* WORK ITEM:
Where a line of the listing below includes the word "photograph", reproduce that line.

* RECORDS:
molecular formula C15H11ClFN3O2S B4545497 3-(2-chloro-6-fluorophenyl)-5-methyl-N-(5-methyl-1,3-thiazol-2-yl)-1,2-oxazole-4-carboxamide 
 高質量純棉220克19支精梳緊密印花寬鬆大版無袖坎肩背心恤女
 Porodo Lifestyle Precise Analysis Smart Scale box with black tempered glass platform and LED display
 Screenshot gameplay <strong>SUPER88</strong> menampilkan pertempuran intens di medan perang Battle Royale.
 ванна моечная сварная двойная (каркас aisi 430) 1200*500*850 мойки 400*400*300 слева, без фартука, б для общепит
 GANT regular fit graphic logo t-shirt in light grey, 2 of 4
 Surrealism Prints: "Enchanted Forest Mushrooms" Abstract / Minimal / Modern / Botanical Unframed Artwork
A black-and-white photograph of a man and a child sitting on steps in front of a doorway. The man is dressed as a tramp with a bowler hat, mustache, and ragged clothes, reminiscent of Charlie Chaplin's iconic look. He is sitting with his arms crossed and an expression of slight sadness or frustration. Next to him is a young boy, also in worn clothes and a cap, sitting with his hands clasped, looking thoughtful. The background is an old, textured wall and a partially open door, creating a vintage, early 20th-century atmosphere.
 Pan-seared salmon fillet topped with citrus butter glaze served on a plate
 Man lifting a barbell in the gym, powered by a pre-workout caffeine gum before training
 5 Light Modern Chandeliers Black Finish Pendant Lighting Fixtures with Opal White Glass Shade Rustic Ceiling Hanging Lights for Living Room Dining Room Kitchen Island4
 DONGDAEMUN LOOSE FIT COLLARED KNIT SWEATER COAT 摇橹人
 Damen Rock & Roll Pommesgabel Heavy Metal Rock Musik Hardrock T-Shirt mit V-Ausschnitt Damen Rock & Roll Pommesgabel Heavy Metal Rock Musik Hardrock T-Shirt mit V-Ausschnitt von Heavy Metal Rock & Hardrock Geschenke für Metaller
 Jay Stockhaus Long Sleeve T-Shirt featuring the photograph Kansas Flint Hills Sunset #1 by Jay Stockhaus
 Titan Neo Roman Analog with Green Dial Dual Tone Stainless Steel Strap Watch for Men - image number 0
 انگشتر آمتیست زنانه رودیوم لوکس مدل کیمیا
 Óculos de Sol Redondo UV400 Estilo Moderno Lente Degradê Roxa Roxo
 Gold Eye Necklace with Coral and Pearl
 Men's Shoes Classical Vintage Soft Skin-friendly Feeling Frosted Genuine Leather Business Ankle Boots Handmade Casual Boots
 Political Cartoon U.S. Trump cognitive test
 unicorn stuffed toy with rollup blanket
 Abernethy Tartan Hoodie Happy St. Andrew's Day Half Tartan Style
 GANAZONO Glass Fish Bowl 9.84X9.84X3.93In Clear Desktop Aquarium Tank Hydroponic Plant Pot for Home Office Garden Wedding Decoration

* YOUR SOLUTION:
A black-and-white photograph of a man and a child sitting on steps in front of a doorway. The man is dressed as a tramp with a bowler hat, mustache, and ragged clothes, reminiscent of Charlie Chaplin's iconic look. He is sitting with his arms crossed and an expression of slight sadness or frustration. Next to him is a young boy, also in worn clothes and a cap, sitting with his hands clasped, looking thoughtful. The background is an old, textured wall and a partially open door, creating a vintage, early 20th-century atmosphere.
 Jay Stockhaus Long Sleeve T-Shirt featuring the photograph Kansas Flint Hills Sunset #1 by Jay Stockhaus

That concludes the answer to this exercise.